A very different Hitchens


I am listening to an episode of the podcast Decoding the Gurus, a podcast I have some issues with, especially their both-side bullshit. In this episode, they have Matt Johnson on. Matt Johnson is the author of How Hitchens Can Save the Left: Rediscovering Fearless Liberalism in an Age of Counter-Enlightenment.

It is an interesting episode, because the Hitchens that Matt Johnson talks about is not the same Hitchens that I saw back when Hitchens was alive. He has a glorified picture of Hitchens as a pure fighter for international rights and free speech, ignoring the very real damage that Hitchens helped push on the world (e.g. through his promoting of the Iraq War and his promotion of bigots and far-right monsters). I have in the past written somewhat positive about Hitchens, when I reviewed his autobiography Hitch-22, but I am not blind for his flaws – flaws that has only gotten bigger when looking back through the lenses of time.
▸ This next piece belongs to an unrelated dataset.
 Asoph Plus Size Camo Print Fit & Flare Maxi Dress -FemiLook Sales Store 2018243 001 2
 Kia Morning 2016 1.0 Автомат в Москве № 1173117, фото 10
Hitchens did fight for a number of good causes, but he also helped promote cover for bigotry against Muslims and was friends with a number of right-winged people who have caused real damage in the US and in Europe.
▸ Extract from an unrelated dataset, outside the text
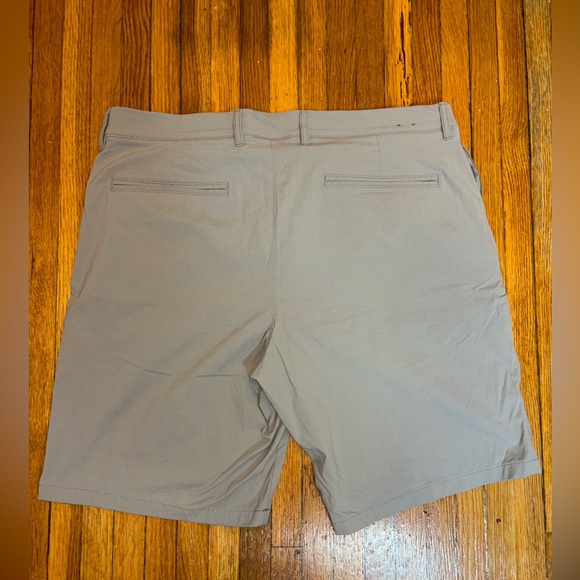 J-crew 9”TEC shorts size 35 - Picture 10 of 11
In order to use Hitchens as shining light, you have to have to just accept him at his words, ignoring his actions in the real word.
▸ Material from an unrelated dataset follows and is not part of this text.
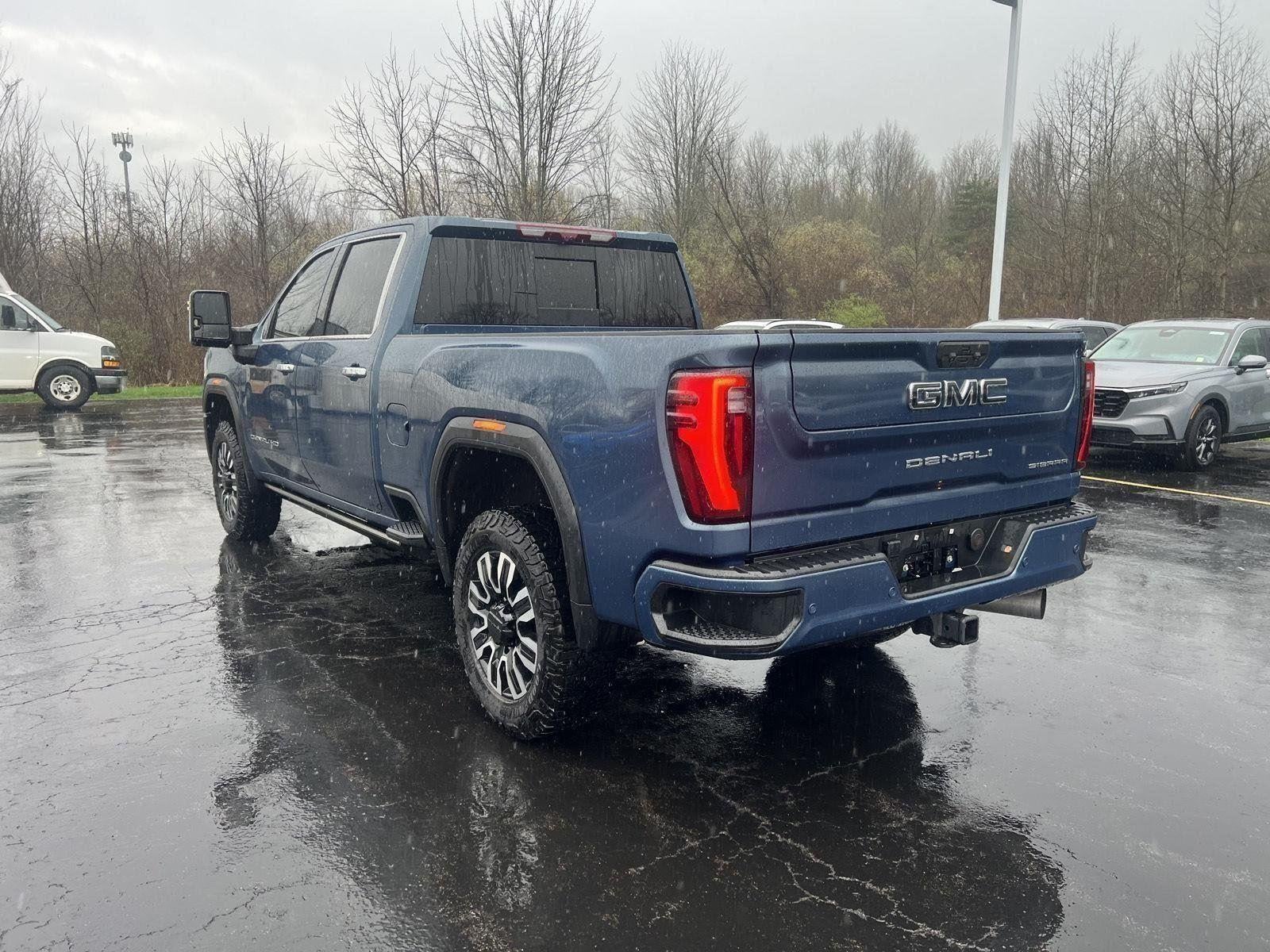 2025 GMC Sierra 2500HD Denali Ultimate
Unsurprisingly, the hosts of the podcast are not giving anything more than the mildest of push-backs.

 

Comments

  1. says

    literally, he said “drain the swamp… and by which I mean, kill them.” He was referring to vaguely-defined ‘jihadis’ which could range from anti-israeli palestinians to iraqi freedom fighters, ISIL, or anything in between – unfortunately he didn’t live much longer past calling Blair “reactionary.”

    I’m sad to say that Hitchens’ main legacy is to make me slightly more careful to make my phrasing as clever as I can, and my grammar correct and neatly arched. He let us all down at the end, but must of all, himself.